Deshalb kommen sie am Tage des Herrn doch zu mir und singen die Messe mit, und wenn der Sendbote ihnen nicht so manchen Strafschilling aus dem Sack zwickte, würden sie noch fröhlicher sich zum Evangelium wenden. –
Stoßt an, Confrater, die frische Luft... Erlaubt, sprach Ekkehard mit feiner Wendung, dass ich das Wohl des Marcellus, des Lehrers an der Klosterschule, des Verfassers der irischen Übersetzung des Priscianus trinke.
Mir auch recht, lachte Moengal.

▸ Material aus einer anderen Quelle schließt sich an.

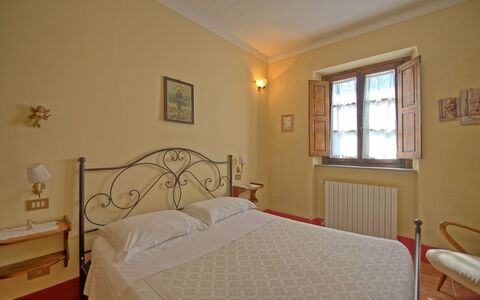 Casa Catia: Chambre, Lit, Pièce, Drap De Lit, Propriété, Meubles, Cadre De Lit, Sol, Literie, Matelas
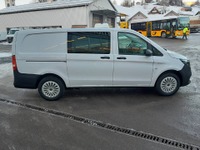 ALTH1974_2815522 vehicle image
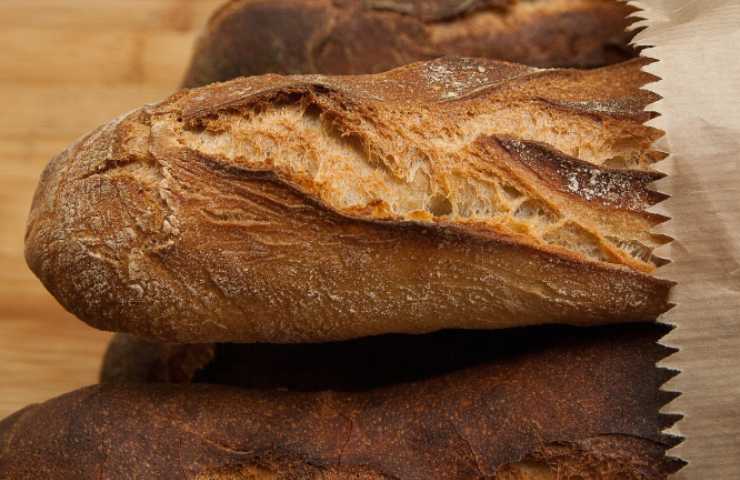 Mangiare il pane congelato fa male?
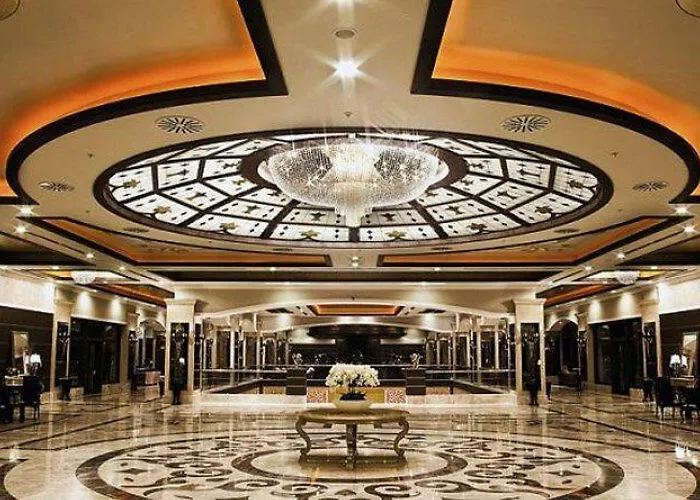 Cratos Premium Hotel, Casino, Port & 5* Kazaphani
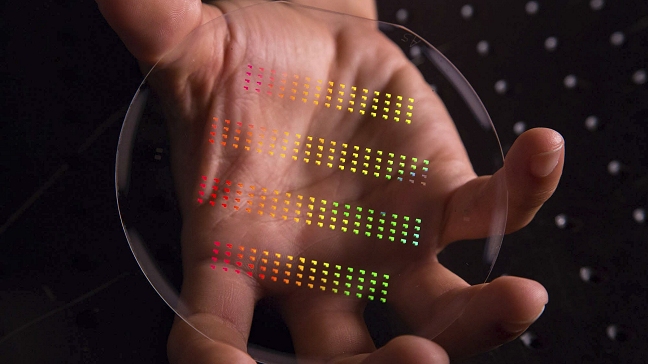 Científicos crean un pequeño acelerador de partículas 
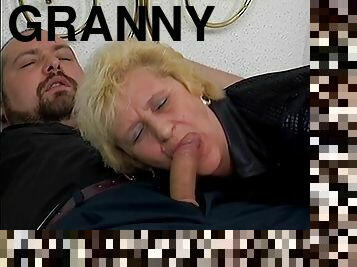 Granny Rose screwed hardcore while she scream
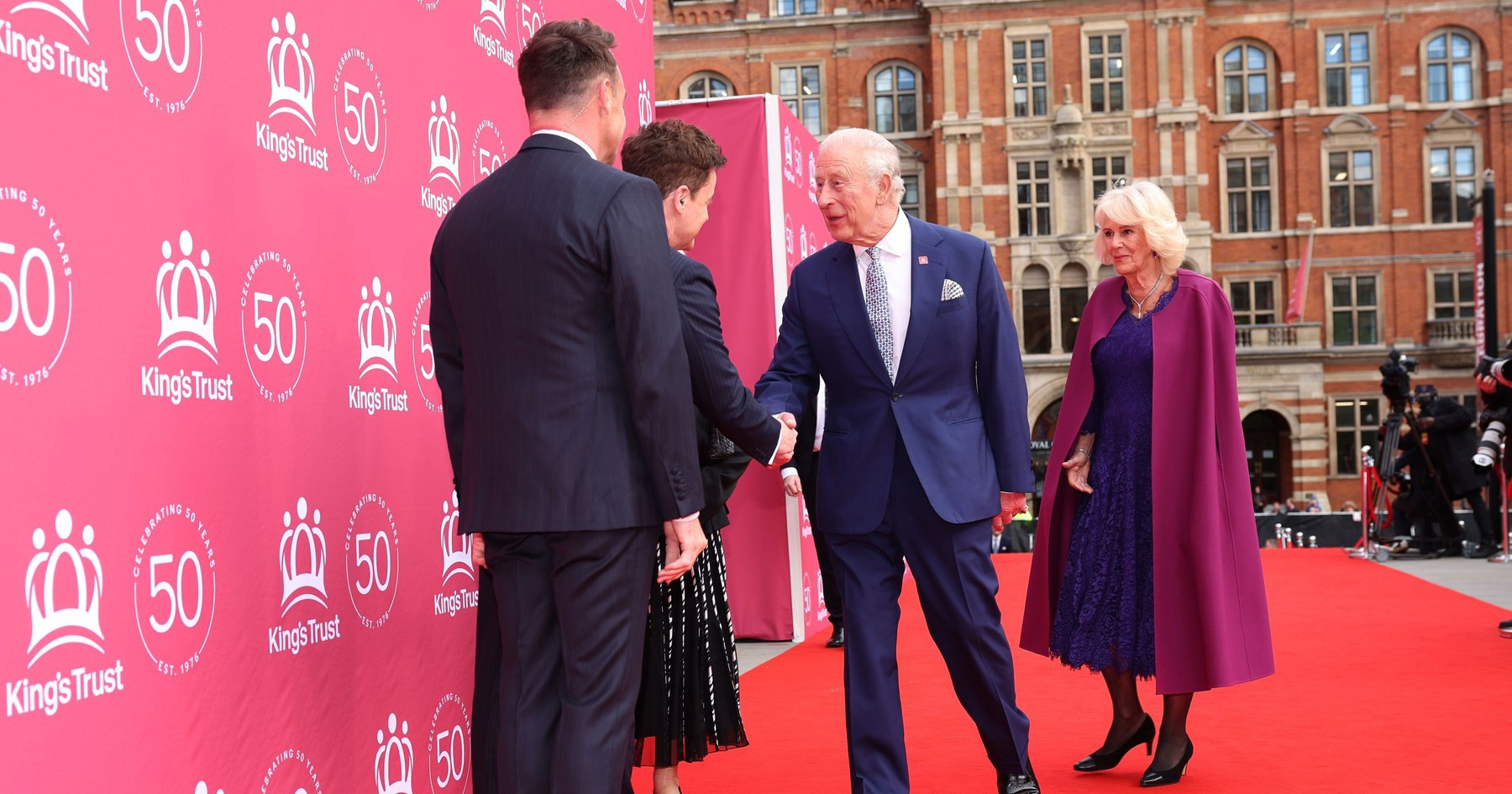 I vama izgleda kao da Declan Donnelly nosi suknju? Pogledajte bolje 😅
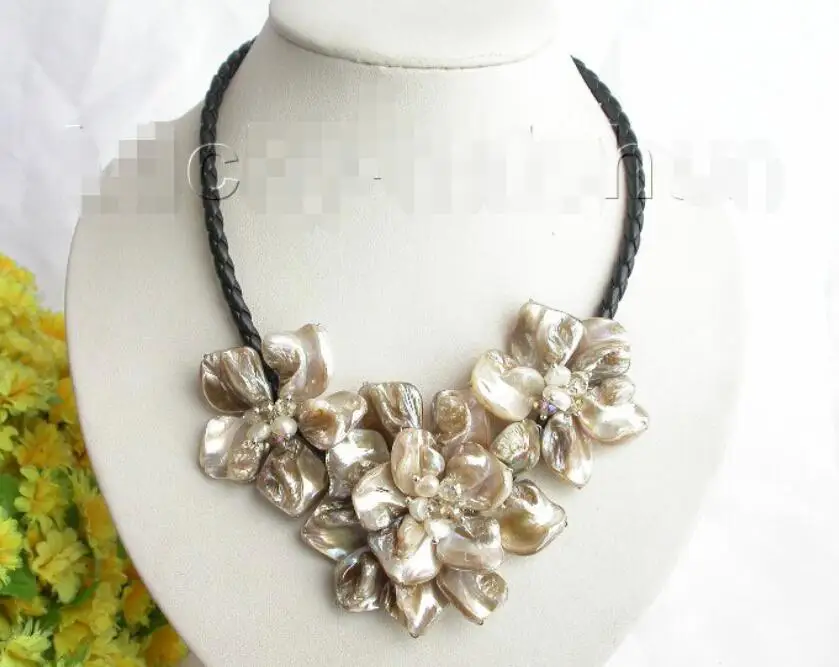 

FREE SHIPPING>>>@@ handcraft bloom white seashell pearls choker leather necklace GIFT j7769@^Noble style Natural Fine jewe S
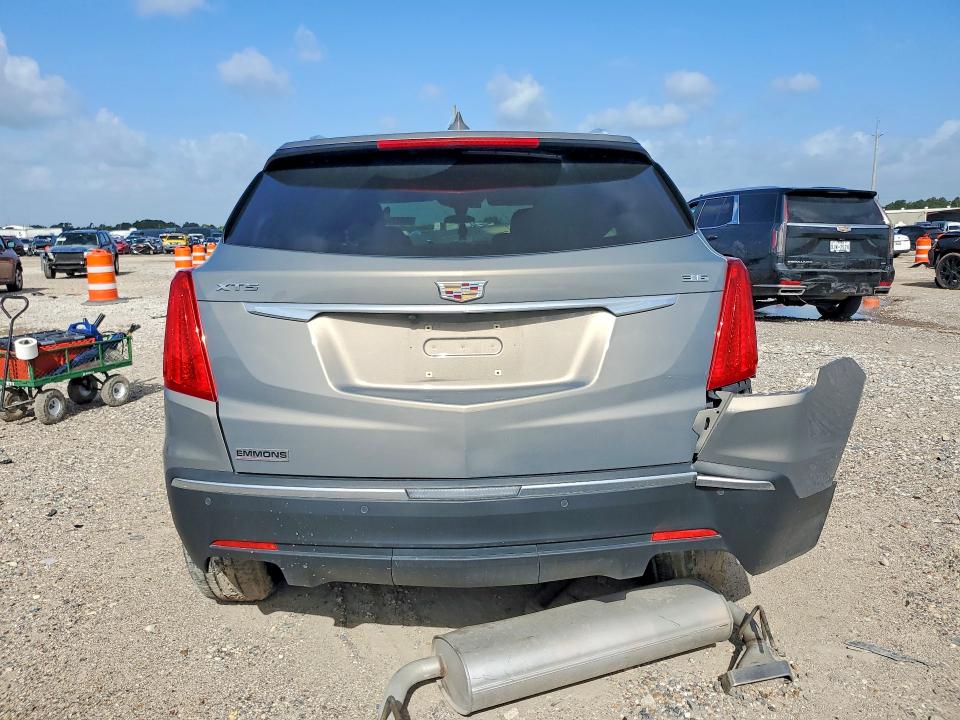 Photo 6 from auction – 2019 CADILLAC XT5 with VIN 1GYKNARS4KZ127721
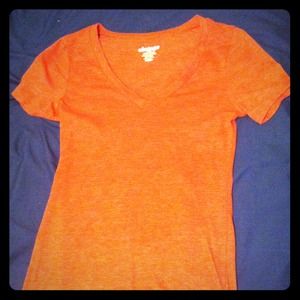 a solid colored shirt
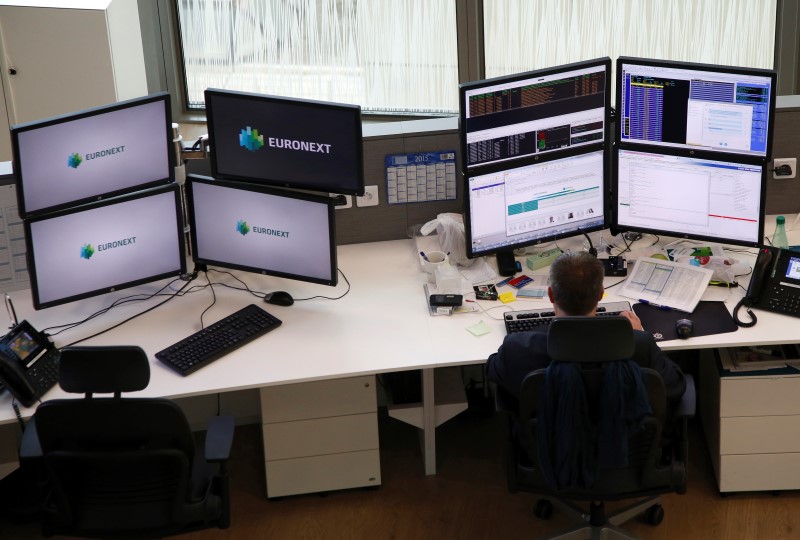 © Reuters. Stock market operator Euronext's universal analysts work in the market services surveillance room center at the new Euronext headquarters at La Defense business and financial district in Courbevoie near Paris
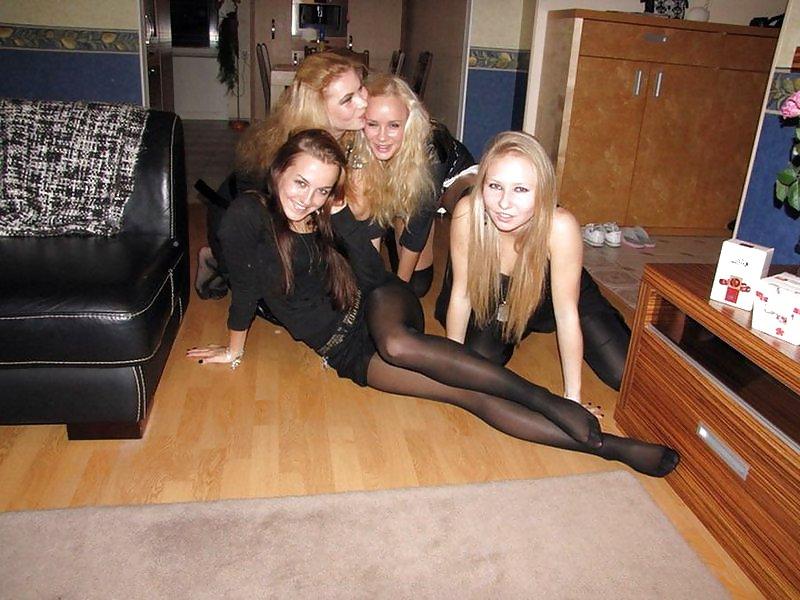 20P Teens in Pantyhose Tights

Was aber die irische Übersetzung betrifft, die möchte einen Haken haben.
Gottlob es wird schon dunkel!
Heiliger Patrik von Armagh, erlöse mich von der Schreiberei!
O dass mir ein Glas alten Weines zur Seite stünde usw.
In Ekkehard war das Verlangen groß, seinen hohen Twiel zu erreichen. Kurz vor dem Ziele langer Fahrt hat noch selten einer lange Rast gehalten. Der Berg steht fest in der Erden, sprach zwar Moengal, er entfleucht Euch nimmer.
Aber Moengals Wein und seine Lehre von der frischen Luft hatten für den, der einer Herzogin entgegen sollte, wenig Verstrickendes. Er brach auf.
Ich geh' mit Euch bis an des Pfarrsprengels Grenze, sagte der Leutpriester, heute dürft Ihr mir noch zur Seite gehen, trotz meines verblichenen Gewandes; wenn Ihr auf dem Berg droben festsitzet, dann werdet Ihr meinen, die Verklärung sei über Euch gekommen, und werdet ein vornehmer Herr werden, und wenn Ihr dereinst an Frau Hadwigs Seite gen Radolfs Zelle geritten kommet, und der alte Moengal steht an der Schwelle, so wird ihm eine gnädige Handbewegung als Almosen zugeworfen – der Weltlauf! Wenn der Heuerling groß geworden, heißt er Felchen und frisst die Kleinen seines Geschlechts.